L’urbanisme frêchien et post-frêchien a laissé une ville mutilée, qui fait que toute manif un peu importante doit se faufiler comme elle peut malgré rails, bornes, bites, plots, barrières, tunnels. D’où l’anomalie de ce 5 décembre. Par l’étroit goulet qui perce l’antipathique forteresse des immeubles de la place d’Europe, on ne pénètre que très lentement, pour s’y trouver ne foule assez clairsemée, alors que le cortège fait encore largement plus d’un kilomètre à l’arrière, sur les déprimantes et immenses voies rapides qui bordent Mermoz, l’arrière de Joffre et bords du Verdanson. On écoute sagement le discours, finalement très remonté, de l’orateur de la CGT : « Nous sommes entrés dans la zone des conflits. Tenez-vous prêts jusqu’à la capitulation du gouvernement. Le temps s’accélère. Partout prolongez l’action. Le prolongement, c’est la grève. C’est la grève qui permet de bloquer la production. C’est la grève qui empêche la circulation des marchandises. C’est la grève qui fera s’incliner le camp d’en face ».

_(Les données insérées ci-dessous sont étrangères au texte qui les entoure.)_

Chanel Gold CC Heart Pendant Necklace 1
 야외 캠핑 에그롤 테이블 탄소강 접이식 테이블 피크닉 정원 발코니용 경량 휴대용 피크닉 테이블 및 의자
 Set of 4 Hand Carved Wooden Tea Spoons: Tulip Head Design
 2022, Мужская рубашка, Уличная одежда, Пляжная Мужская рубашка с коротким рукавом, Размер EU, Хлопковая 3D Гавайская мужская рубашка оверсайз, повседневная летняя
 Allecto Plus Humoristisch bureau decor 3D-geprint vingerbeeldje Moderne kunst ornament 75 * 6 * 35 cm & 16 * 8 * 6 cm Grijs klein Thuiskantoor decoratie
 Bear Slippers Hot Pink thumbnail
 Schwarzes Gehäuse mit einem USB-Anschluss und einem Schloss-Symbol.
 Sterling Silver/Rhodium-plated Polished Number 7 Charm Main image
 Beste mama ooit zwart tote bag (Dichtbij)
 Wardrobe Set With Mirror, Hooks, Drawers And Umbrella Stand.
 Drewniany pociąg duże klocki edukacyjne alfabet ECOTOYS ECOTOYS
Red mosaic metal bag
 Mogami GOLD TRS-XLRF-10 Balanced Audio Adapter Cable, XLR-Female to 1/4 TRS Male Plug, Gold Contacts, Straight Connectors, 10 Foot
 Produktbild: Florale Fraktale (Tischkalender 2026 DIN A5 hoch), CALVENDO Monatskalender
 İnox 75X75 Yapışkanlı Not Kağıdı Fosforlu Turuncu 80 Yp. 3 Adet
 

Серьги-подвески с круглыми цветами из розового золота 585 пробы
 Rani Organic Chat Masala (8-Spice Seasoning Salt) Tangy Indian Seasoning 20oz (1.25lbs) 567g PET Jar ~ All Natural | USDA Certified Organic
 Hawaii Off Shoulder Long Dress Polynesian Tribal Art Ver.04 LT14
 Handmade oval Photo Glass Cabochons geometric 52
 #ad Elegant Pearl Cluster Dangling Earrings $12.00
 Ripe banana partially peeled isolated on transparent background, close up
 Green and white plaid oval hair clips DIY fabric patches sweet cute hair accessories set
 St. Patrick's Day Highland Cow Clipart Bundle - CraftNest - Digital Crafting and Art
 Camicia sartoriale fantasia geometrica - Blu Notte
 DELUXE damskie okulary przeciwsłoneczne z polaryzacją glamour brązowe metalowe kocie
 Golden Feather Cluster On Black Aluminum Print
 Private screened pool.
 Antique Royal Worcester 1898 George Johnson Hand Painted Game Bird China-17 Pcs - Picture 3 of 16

Mais que propose-t-on au bouillonnement combattif des corps ? Il y a bien la masse de métal qui frappe sur la bombe ambulante, en faisant un gros boum phénoménal. Ça fait chaud au cœur. Pas sûr que ça suffise à effrayer les exploiteurs. A deux pas, une banderole indique, plus directe : “C’est le jour ou jamais, des barricades et des pavés”. Et là, l’urbanisme débile fait soudain son effet. Une bonne part des manifestants, las de ne pas arriver au point final, commencent à se disperser, remonter vers le centre, traverser Antigone.

Mais quand ils sont des milliers à conclure sans finir ainsi, ils se retrouvent de fait à poursuivre en manif. Dont plusieurs centaines qui y vont de leur “grève, blocage, manif sauvage”. Voilà qui frôle la bascule. Partout le fond de l’air semble pouvoir déborder des cadres. Il y a de la gilet-jaunisation rampante, infusée, vibrante, qui ne s’évalue pas qu’en couleur de chasubles. Eux-mêmes pris de court, sombrant dans le n’importe quoi, les CRS prétendent barrer, sur la voie réservée du Tram au bord du Polygone, cette marée humaine. Ça sent presque la nasse, mais sans les effectifs. Alors les baqueux se sacrifient, au bas d’escaliers de secours, pour se consacrer à la tâche minable de fouiller les manifestants un à un.

Reste que par là, ces derniers n’ont plus qu’à remonter vers la Comédie. Ils s’y retrouvent par milliers, sans un képi en vue, si bien que tout se passe à merveille. Le patron de la grande roue laisse monter en nacelles les plus démonstratifs. Deux batucadas relèvent une ambiance à fond la forme. Et c’est électrisé, joyeux, juvénile, dansant, tout mêlé, et surtout combatif. La nature ayant horreur du vide, il faut remonter vers la préfecture. Des CRS cavalent derrière, au point de se laisser nasser eux-mêmes.

Il ne leur reste qu’à tirer dans le tas. Bonjour les fêtes de fin d’année. La scène est classique. A deux nuances près. Énormes. On se retrouve à nouveau des centaines et des centaines à tenter de leur tenir tête. Et dans l’atmosphère on ressent que les comptes sont loin d’être soldés, à l’égard d’une année entière de sauvagerie policière déchaînée en totale impunité. Ceux qui s’étaient lassés, laissés écœurer, ou effrayer, relèvent la tête, renforcés par des milliers de manifestants réveillés. Et parmi eux, de braves syndicalistes font l’expérience pour eux rare et nouvelle, d’être victimes de cette violence d’État. Illégitime. On parle d’une vingtaine d’interpellations.

Aux mêmes périodes voici un an, pareille prise de conscience avait beaucoup compté pour enraciner les Gilets jaunes dans une admirable ténacité. Les jeux restent ouverts.